Until a friend says, hey, let’s go for a walk. It doesn’t matter how slow or how long it will take you. Let’s just go. I’m here with you. Let’s try jogging. Let’s see if we can run *one block*. If we can’t, no big deal. We’ll try. And we do. And we did.
Until that friend introduces me to yoga and I discover that I can do this and focus solely and exclusively on me and it’s not only ok to do that, but you’re SUPPOSED to do that! Inside the corners of my own mat is all that counts. I didn’t get that at first. I didn’t get that it wasn’t about how I compared to the other people in my class. At how graceful and beautiful they were and I could barely touch my toes. But in the year I’ve been practicing, I have learned that. I have learned I can be stronger than **I** was a week ago, a month ago, a year ago. It’s MY journey. And I have made strides!

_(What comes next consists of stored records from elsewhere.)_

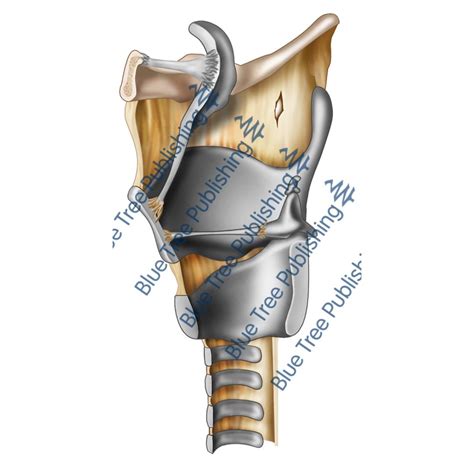 Larynx Cartilage Side Cut View Download Image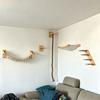 Wall Mounted Cat Furniture Cat Climbing Shelves with Hammock Scratcher & Cat House Indoor Cat Playground for Claw Grinding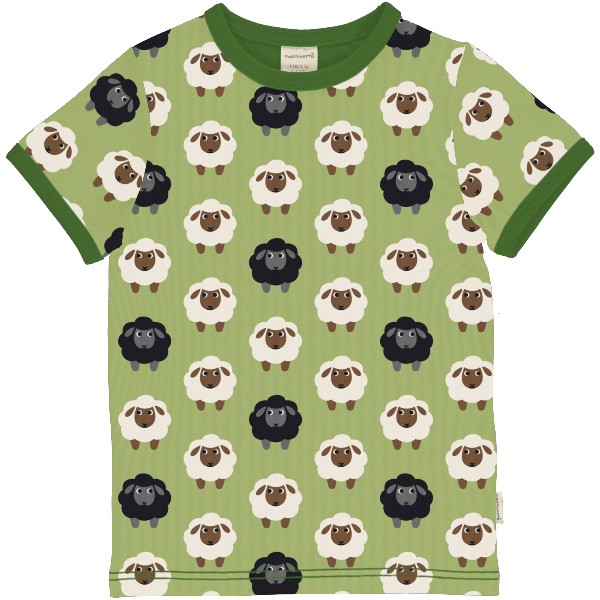 Shirt Sheep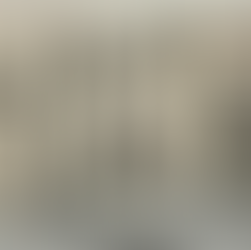 A INQUIETUDE NA OBRA DE RITA VAZ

As of today, I have lost 44 pounds. I have gone down 6 sizes. I haven’t weighed this in a very very long time. But it’s not just about a number on a scale or the tag inside my shorts. It’s about an attitude shift. I don’t need pasta to fill a void. I don’t need Twizzlers or sitting on the couch feeling sad about how something turned out. I can move more, eat less. I can eyeball a new shirt and know it will fit me. I can wear those little yoga tops with the built in bras instead of the mandatory “hold ’em down” sports bras. And yea, I’m damn happy about that.
My goal is to lose another 15 pounds. I know I’ll get there very soon. Because I will get myself there. Who says 40something is too old? I’m just beginning! My journey, my success, my set backs, my hurdles. But I’ve learned about myself and what I’m capable of. And I’m so thankful to my friends who didn’t give up on me, who encouraged me, who made me see that I was worth fighting for. THAT is what a girl needs. Not a plate of nachos.